* Your goal: Once you reach the line containing "Hello everyone, today" in the entries below, write out that line and each one after it down to the line containing "Thank you for", exactly and with nothing added.

* Saved data entries:
☆ ☆ ☆ ☆

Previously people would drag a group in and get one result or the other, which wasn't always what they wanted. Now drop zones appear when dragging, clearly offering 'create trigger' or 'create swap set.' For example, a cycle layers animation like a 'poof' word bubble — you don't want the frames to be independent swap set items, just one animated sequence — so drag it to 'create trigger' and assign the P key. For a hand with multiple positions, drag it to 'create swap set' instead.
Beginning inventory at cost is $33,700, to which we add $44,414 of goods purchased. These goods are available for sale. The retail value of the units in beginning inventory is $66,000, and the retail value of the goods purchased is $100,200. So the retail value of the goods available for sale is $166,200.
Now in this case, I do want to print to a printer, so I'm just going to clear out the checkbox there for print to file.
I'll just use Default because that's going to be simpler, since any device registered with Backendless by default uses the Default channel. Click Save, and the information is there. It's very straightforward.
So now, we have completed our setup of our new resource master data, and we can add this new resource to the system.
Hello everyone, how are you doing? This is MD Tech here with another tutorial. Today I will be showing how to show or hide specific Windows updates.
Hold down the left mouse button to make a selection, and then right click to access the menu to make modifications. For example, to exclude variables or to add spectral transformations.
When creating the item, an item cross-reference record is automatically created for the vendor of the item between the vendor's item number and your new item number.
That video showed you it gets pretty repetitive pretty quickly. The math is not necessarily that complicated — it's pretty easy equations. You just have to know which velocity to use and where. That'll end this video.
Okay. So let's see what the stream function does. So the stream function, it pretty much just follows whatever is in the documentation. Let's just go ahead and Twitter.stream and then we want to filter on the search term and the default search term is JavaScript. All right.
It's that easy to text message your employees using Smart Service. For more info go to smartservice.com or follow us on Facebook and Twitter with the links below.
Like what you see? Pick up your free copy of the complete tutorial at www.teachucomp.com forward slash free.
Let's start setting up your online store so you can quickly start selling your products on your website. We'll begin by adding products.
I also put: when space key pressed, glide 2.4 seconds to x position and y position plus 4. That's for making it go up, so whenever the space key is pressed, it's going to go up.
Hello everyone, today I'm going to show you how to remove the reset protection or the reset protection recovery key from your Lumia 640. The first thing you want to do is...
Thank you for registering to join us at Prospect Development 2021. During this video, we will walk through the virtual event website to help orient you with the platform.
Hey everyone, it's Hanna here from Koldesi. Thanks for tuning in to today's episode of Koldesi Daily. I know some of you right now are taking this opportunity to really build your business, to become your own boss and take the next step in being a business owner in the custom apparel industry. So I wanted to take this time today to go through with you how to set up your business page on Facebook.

☆ ☆ ☆ ☆

* Response to this exercise:
Hello everyone, today I'm going to show you how to remove the reset protection or the reset protection recovery key from your Lumia 640. The first thing you want to do is...
Thank you for registering to join us at Prospect Development 2021. During this video, we will walk through the virtual event website to help orient you with the platform.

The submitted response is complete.